#### Data excerpts

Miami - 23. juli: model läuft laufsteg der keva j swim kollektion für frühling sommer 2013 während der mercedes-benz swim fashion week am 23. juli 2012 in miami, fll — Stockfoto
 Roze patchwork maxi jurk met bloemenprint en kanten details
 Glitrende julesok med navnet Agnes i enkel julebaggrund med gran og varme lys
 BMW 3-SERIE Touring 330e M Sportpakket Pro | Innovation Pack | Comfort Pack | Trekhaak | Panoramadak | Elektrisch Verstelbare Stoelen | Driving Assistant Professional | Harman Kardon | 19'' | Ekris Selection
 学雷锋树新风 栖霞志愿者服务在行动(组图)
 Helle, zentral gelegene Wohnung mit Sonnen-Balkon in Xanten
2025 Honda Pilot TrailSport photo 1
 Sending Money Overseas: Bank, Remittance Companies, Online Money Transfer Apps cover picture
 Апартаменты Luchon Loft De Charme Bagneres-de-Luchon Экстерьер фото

########

**What to produce:**
Please print, unchanged, the lines from the one holding "Helle, zentral gelegene" through the last line of the listing above, including both and omitting the rest.

**Response to this exercise:**
 Helle, zentral gelegene Wohnung mit Sonnen-Balkon in Xanten
2025 Honda Pilot TrailSport photo 1
 Sending Money Overseas: Bank, Remittance Companies, Online Money Transfer Apps cover picture
 Апартаменты Luchon Loft De Charme Bagneres-de-Luchon Экстерьер фото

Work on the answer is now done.